Começou a ser efetivamente usado em São Paulo a partir do anúncio das
primeiras pesquisas de boca de urna, no início da noite do domingo
(7/10). Serviu como uma luva para expressar o incrível encolhimento da
candidatura até então imbatível de Celso Russomanno à prefeitura
paulistana.
Quem acendeu o fogo e iniciou o derretimento de Russomanno foi o
cardeal-arcebispo de São Paulo, Dom Odilo Scherer, quando, em 19/9,
alegou dificuldades de agenda para receber o candidato do blusão de
couro. No domingo anterior (16/9), 300 paróquias paulistanas receberam
um édito sobre o voto consciente com críticas veladas e
nem-tão-veladas-assim ao postulante que havia semanas mantinha-se
inabalável no topo das sondagens.
Pouco antes, recomeçara a circular nas mídias sociais um texto de maio
de 2011, de autoria do bispo Marcos Pereira, da Igreja Universal do
Reino de Deus (IURD), presidente do PRB e chefe da campanha de
Russomanno. Entre outras coisas, dizia o seguinte:
“Precisamos salvar o Brasil e torná-lo verdadeiramente laico, livre da influência da religião.”

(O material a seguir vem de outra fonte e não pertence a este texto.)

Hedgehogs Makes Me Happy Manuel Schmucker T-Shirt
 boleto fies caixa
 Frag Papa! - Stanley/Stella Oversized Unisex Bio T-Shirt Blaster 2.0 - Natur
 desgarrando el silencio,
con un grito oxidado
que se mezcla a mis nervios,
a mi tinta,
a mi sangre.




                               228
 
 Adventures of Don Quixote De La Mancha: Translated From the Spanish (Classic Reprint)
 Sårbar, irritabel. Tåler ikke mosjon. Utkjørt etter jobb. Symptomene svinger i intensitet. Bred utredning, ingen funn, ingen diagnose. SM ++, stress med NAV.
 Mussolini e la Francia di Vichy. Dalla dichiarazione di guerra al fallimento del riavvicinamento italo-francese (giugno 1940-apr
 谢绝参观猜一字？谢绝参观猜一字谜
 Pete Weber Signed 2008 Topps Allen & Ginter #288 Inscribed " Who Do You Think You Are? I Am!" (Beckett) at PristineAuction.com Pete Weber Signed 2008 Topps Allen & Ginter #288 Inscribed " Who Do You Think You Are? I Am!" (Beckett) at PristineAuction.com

A frase não contém qualquer blasfêmia ou heresia, poderia estar na boca
de um antigo maçom, positivista, anarquista ou militante do laicismo.
Relembrada naquelas circunstâncias, e com clara entonação beligerante,
acionou os radares da hierarquia católica, antigamente designada como
Cúria.
Naquele momento, tanto José Serra como Fernando Haddad afinal se
animaram e começaram a bater no rival. Sem cancha, jogo de cintura e,
sobretudo, sem o suporte de uma instituição com experiência milenar em
matéria de poder, a candidatura Russomanno desmilinguiu e começou o
inexorável caminho em direção ao brejo.
Fogo aceso
Estes são dados que não poderiam escapar à acuidade e experiência de
nossos politólogos e opinionistas. Foram fartamente noticiados e, no
entanto, permanecem no banco de reserva das interpretações porque a
rivalidade – ou confrontação – religiosa é uma realidade no Brasil, mas
está condenada a manter-se na sombra e enfurnada nos subterrâneos da
notícia.
A mídia seria a única instituição capaz de revelar a existência desse
conflito e alertar para os perigos de um acirramento. A mídia, porém, é
parte dessa rivalidade (ou confrontação) e nesta terra do faz de conta
não está autorizada a cair na real nem a criar um estresse capaz de
potencializar outros, mais agudos.
Uma coisa não deve ser esquecida: o derretimento da candidatura
Russomanno foi o primeiro. A fogueira – ou micro-ondas – está acesa.